Source information
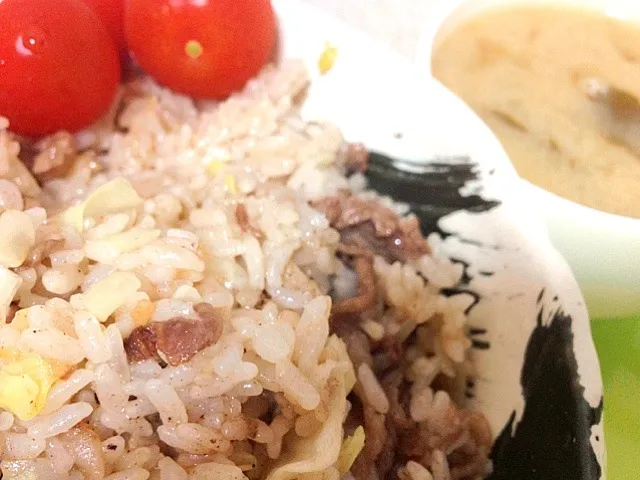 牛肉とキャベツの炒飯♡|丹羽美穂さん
...
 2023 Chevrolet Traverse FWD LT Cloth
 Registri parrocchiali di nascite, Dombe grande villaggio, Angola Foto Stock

What you need to do
Where the listing above reaches the line that contains "2023 Chevrolet Traverse FWD LT Cloth", start retyping, and finish with the line that contains "Registri parrocchiali di"; reproduce those lines exactly and no others.

Solution
 2023 Chevrolet Traverse FWD LT Cloth
 Registri parrocchiali di nascite, Dombe grande villaggio, Angola Foto Stock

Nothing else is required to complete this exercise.